- Task instructions -
In the entries that follow, repeat exactly the lines from the one that has "鞠婧祎版《新白娘子传奇》白素贞上线,一身素雅,美若天仙" through the one that has "Two-bedroom Bs-bsh Apartment Rotterdam", but omit pictures.

- Records provided -
***
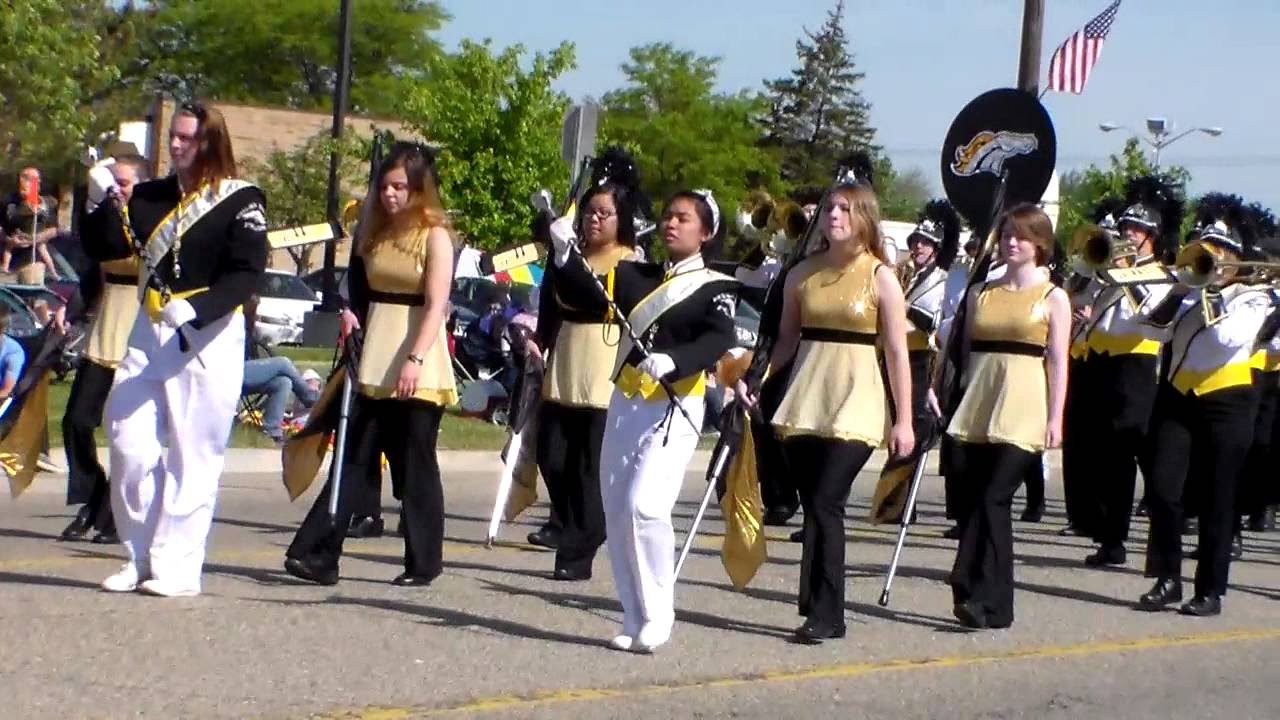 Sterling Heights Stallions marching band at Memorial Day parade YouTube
***
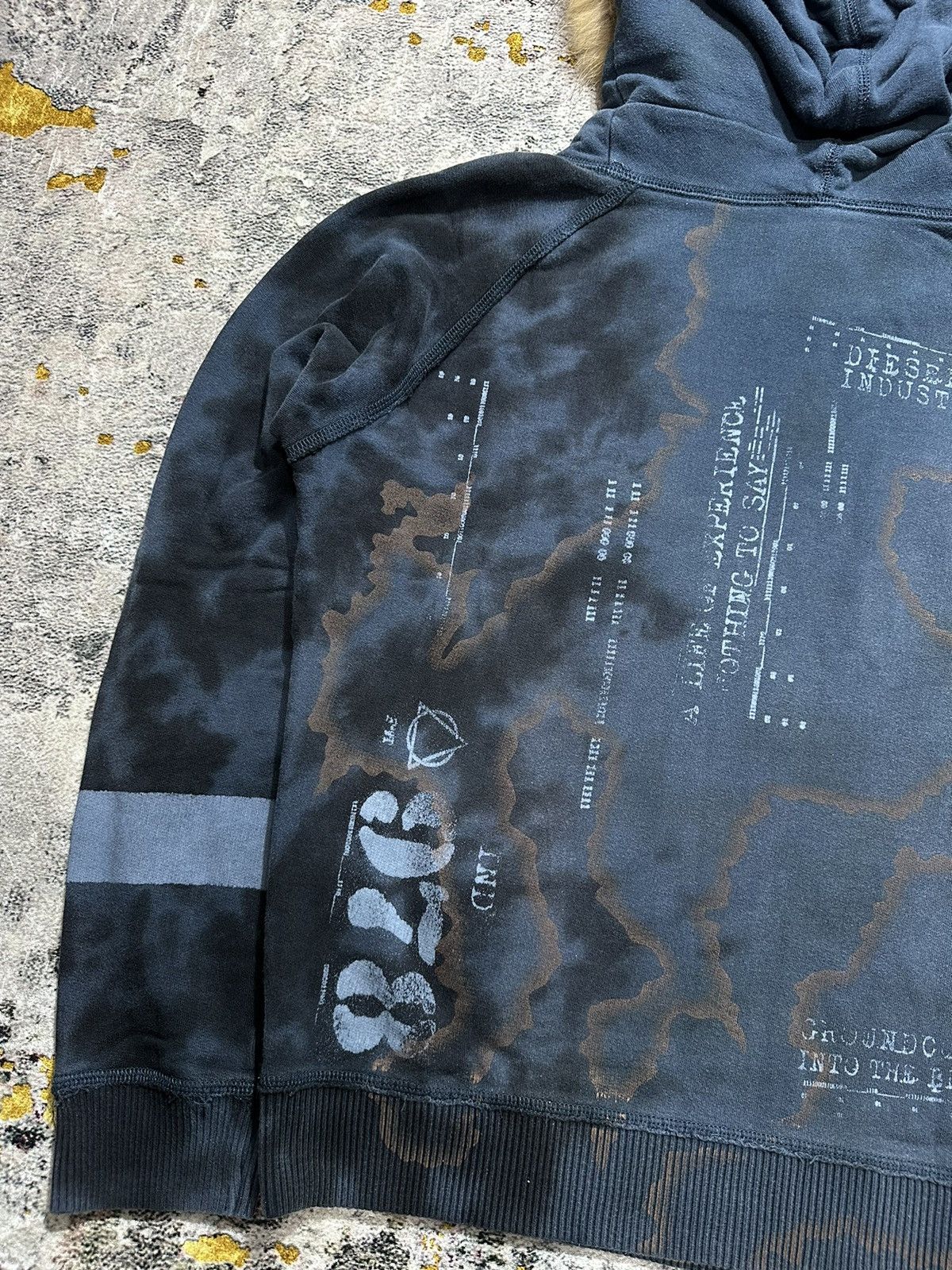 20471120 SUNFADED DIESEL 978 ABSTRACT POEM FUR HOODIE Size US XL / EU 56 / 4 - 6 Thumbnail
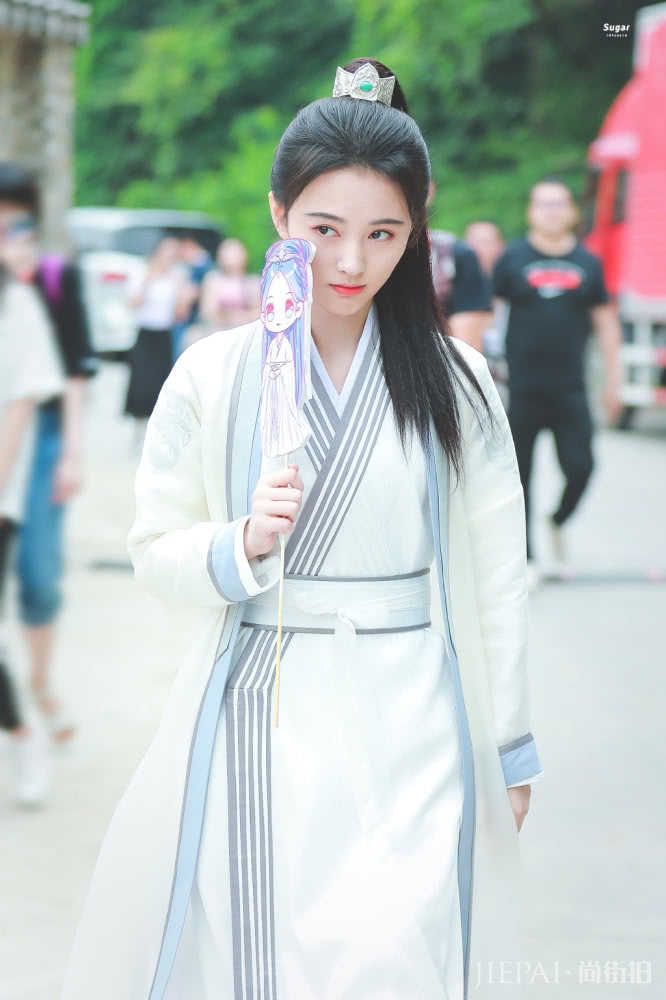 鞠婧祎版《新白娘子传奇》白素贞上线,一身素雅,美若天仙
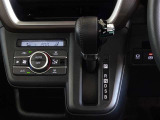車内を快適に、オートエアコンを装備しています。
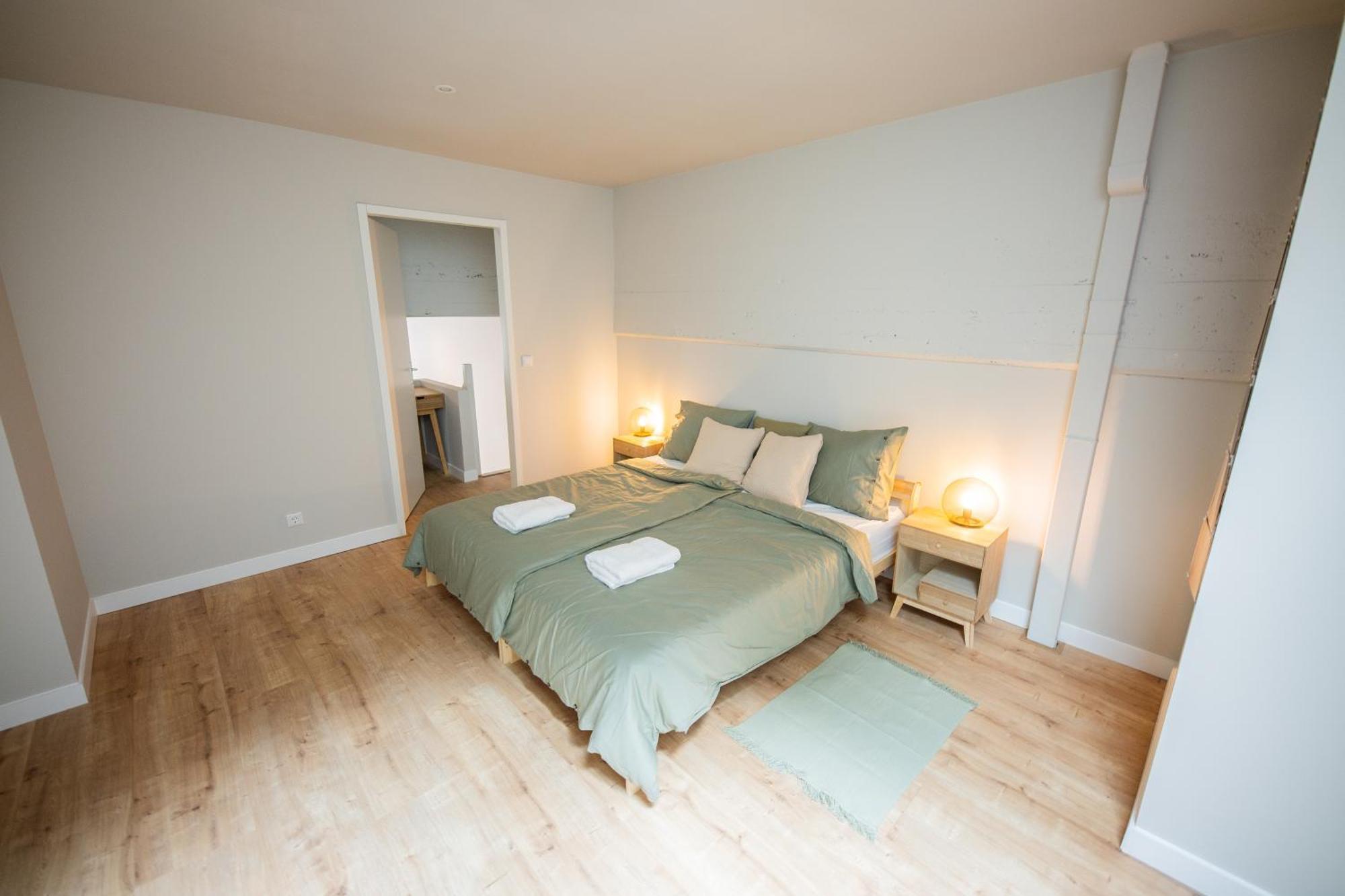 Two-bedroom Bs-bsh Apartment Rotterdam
***
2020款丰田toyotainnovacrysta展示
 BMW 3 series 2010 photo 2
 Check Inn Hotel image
***
- Exercise response -
 鞠婧祎版《新白娘子传奇》白素贞上线,一身素雅,美若天仙
車内を快適に、オートエアコンを装備しています。
 Two-bedroom Bs-bsh Apartment Rotterdam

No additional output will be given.